[Collected data entries]
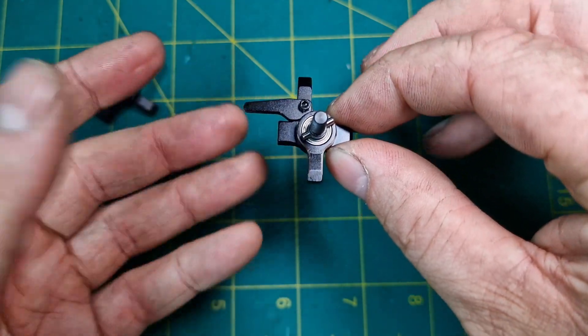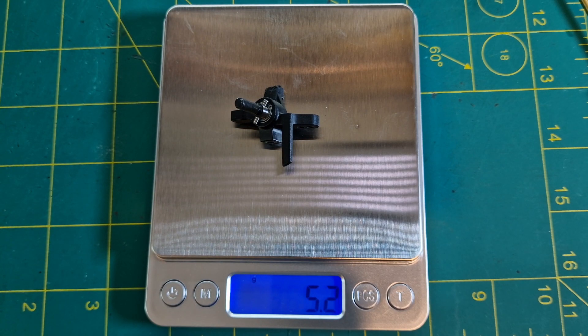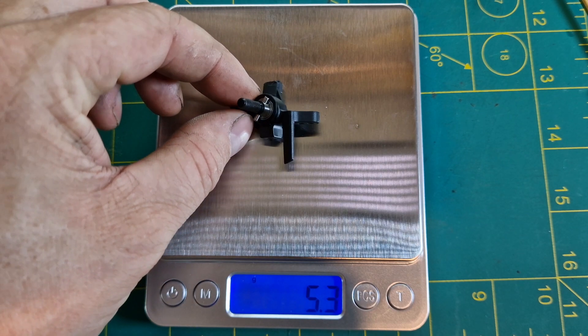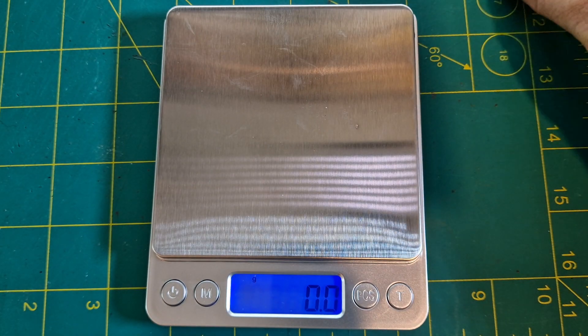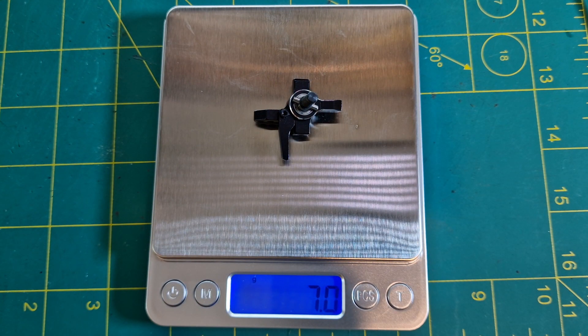Next, let's do a weight comparison. The standard hub knuckles come in weighing at 5.3 grams with the axle and pin, and our new Yair Racing knuckles come in at 7 grams dead. So they will add weight to the front, but that's not always a bad thing — I personally feel like I need more weight added to the front and may well be able to lose some of the added wheel weights I've already got on my front bumper.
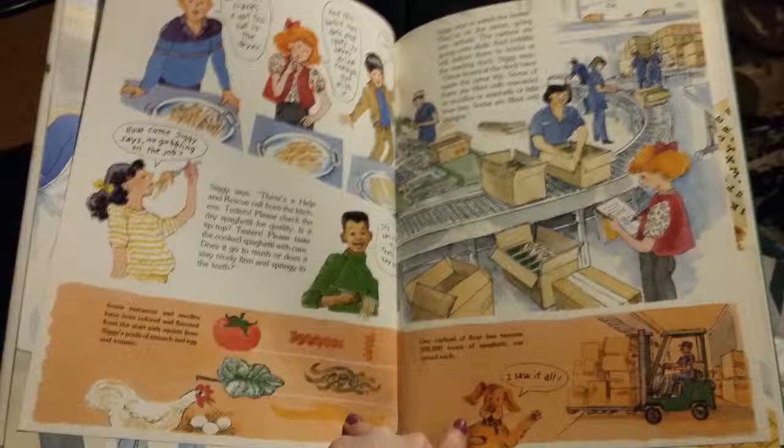Siggy says to watch the boxes — they're on the move, going into cartons. The cartons are going onto skids and forklifts will deliver them to trucks at the loading dock. Other boxes at the dock are filled with macaroni or noodles or seashells or little bow ties or lasagna. Some macaroni and noodles have been colored and flavored from the start with squirts from Siggy's pool of spinach and egg and tomato. One carload of flour has become 200,000 boxes of spaghetti, one pound each.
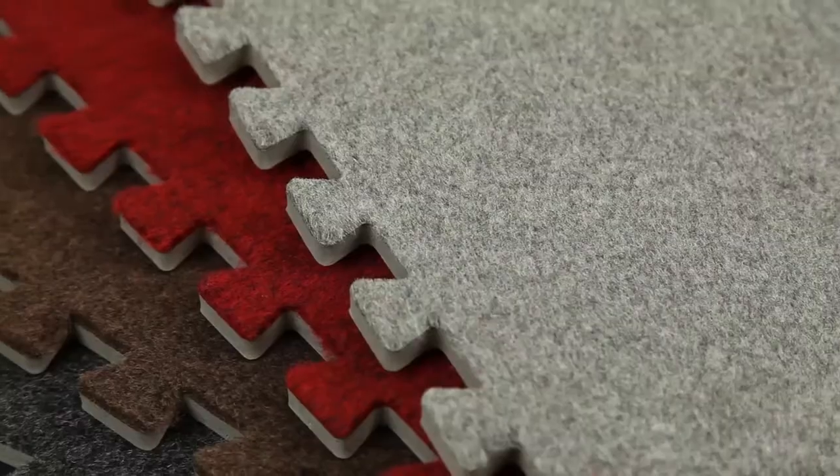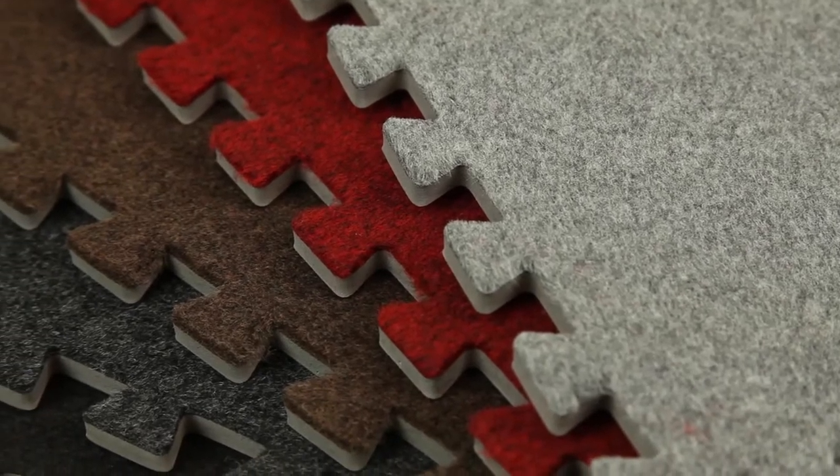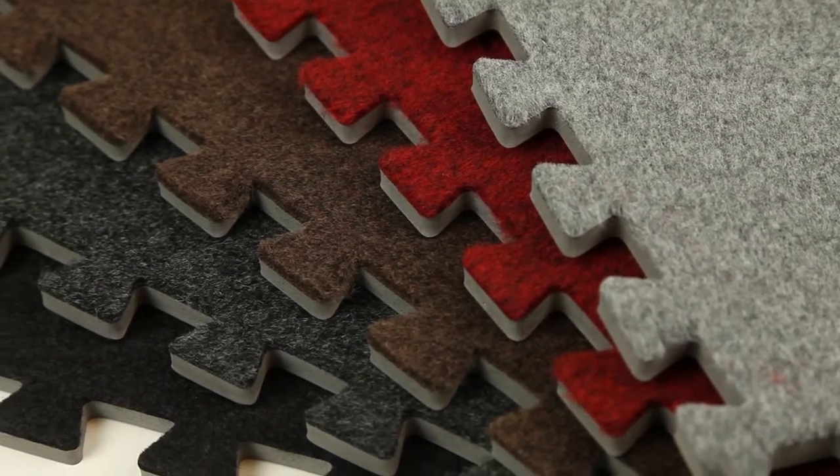5H EcoSoft carpet tiles are an exceptional, portable product for all customers desiring lightweight, low-cost carpet tiles. These tiles are child-safe and possess anti-fatigue properties, allowing for a softer, more comfortable surface where long periods of standing may occur.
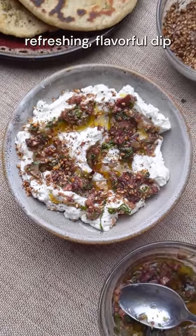Labneh is the most refreshing, flavorful dip you can make this summer, and it's also one of the easiest.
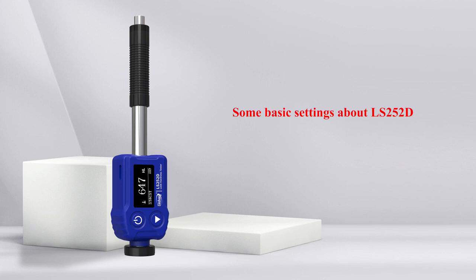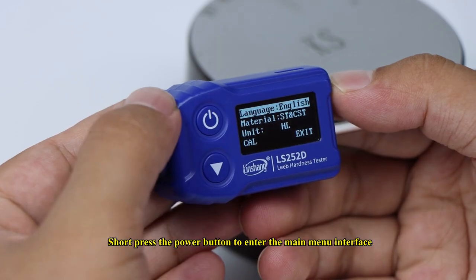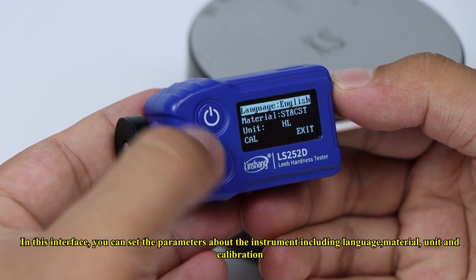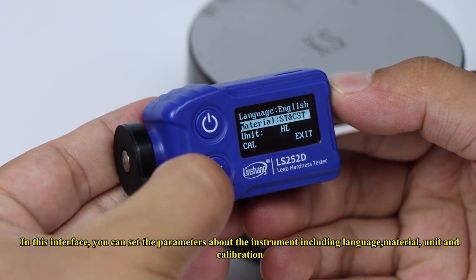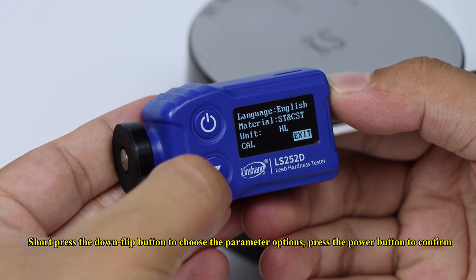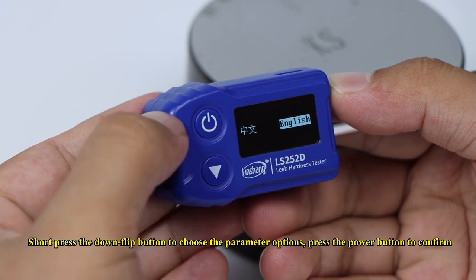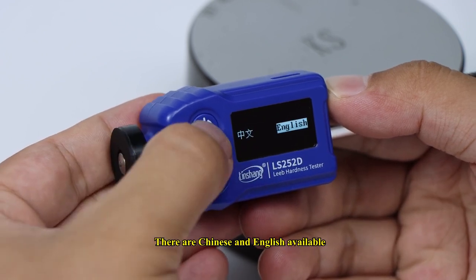For basic settings on the LS252D, short press the power button to enter the main menu interface. Here you can set parameters including language, material, unit, and calibration. Short press the down flip button to choose parameter options, then press the power button to confirm. Both Chinese and English languages are available.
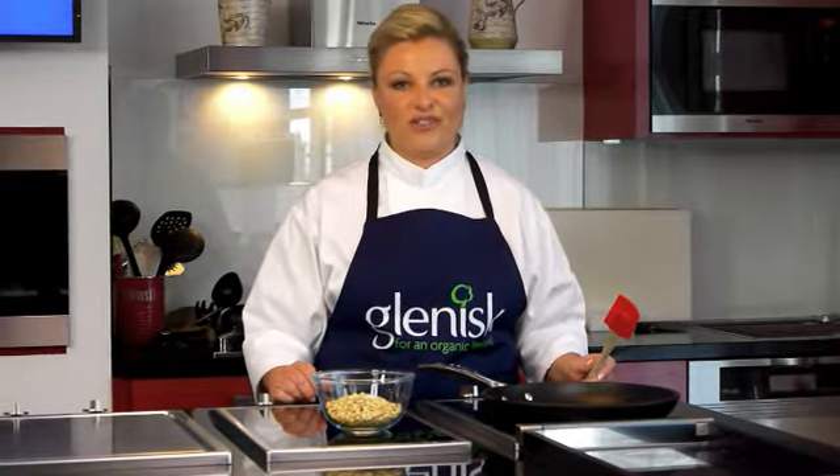Welcome to Roseanne's How To's. You're going to need these skills in order to make the delicious Glenisk recipes. So today I'm going to teach you how to toast nuts — the same method works for any pine nuts, hazelnuts, walnuts, almonds, and any seeds that you might want to toast up.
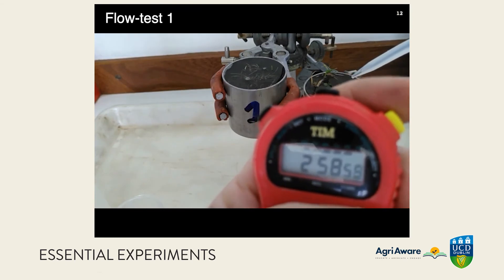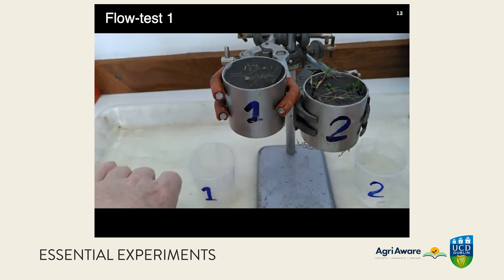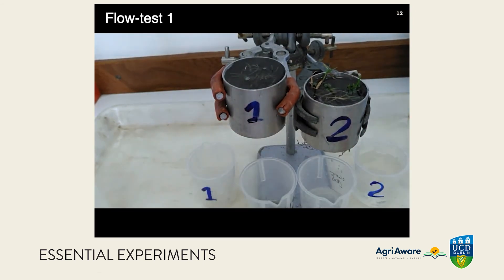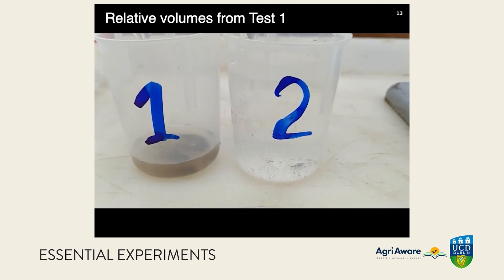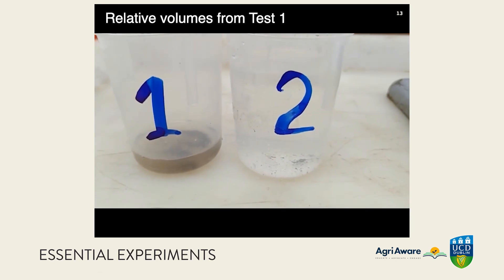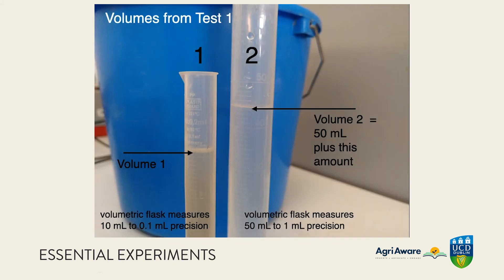At the end of three minutes we stop the timer, and we need a couple of seconds to switch the beakers around, which cancels out the error introduced at the beginning. We can see, very roughly speaking, the difference in volume from the two soil samples — very much more water coming out of sample two. The volume from sample one is close to the 10 ml mark, while sample two has given a full 50 ml plus additional volume.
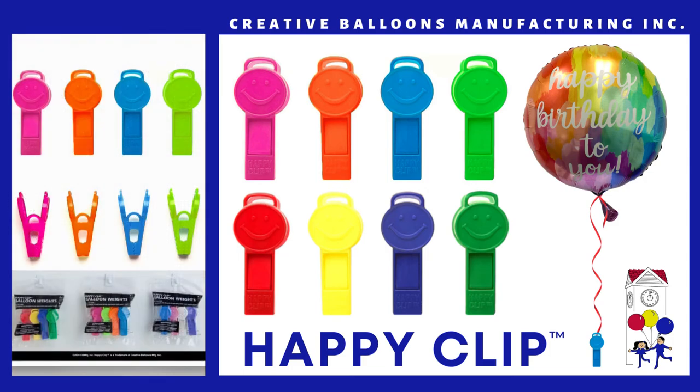There are three color assortments for the Happy Clip: Primary Plus, Trendy Neon, and Pastel Assortment. Enjoy the Happy Clip!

- _Exercise_
Every record above should be set down exactly, with the pictures left out.

- _Output of the exercise_
Next, let's do a weight comparison. The standard hub knuckles come in weighing at 5.3 grams with the axle and pin, and our new Yair Racing knuckles come in at 7 grams dead. So they will add weight to the front, but that's not always a bad thing — I personally feel like I need more weight added to the front and may well be able to lose some of the added wheel weights I've already got on my front bumper.
Siggy says to watch the boxes — they're on the move, going into cartons. The cartons are going onto skids and forklifts will deliver them to trucks at the loading dock. Other boxes at the dock are filled with macaroni or noodles or seashells or little bow ties or lasagna. Some macaroni and noodles have been colored and flavored from the start with squirts from Siggy's pool of spinach and egg and tomato. One carload of flour has become 200,000 boxes of spaghetti, one pound each.
5H EcoSoft carpet tiles are an exceptional, portable product for all customers desiring lightweight, low-cost carpet tiles. These tiles are child-safe and possess anti-fatigue properties, allowing for a softer, more comfortable surface where long periods of standing may occur.
Labneh is the most refreshing, flavorful dip you can make this summer, and it's also one of the easiest.
For basic settings on the LS252D, short press the power button to enter the main menu interface. Here you can set parameters including language, material, unit, and calibration. Short press the down flip button to choose parameter options, then press the power button to confirm. Both Chinese and English languages are available.
Welcome to Roseanne's How To's. You're going to need these skills in order to make the delicious Glenisk recipes. So today I'm going to teach you how to toast nuts — the same method works for any pine nuts, hazelnuts, walnuts, almonds, and any seeds that you might want to toast up.
At the end of three minutes we stop the timer, and we need a couple of seconds to switch the beakers around, which cancels out the error introduced at the beginning. We can see, very roughly speaking, the difference in volume from the two soil samples — very much more water coming out of sample two. The volume from sample one is close to the 10 ml mark, while sample two has given a full 50 ml plus additional volume.
There are three color assortments for the Happy Clip: Primary Plus, Trendy Neon, and Pastel Assortment. Enjoy the Happy Clip!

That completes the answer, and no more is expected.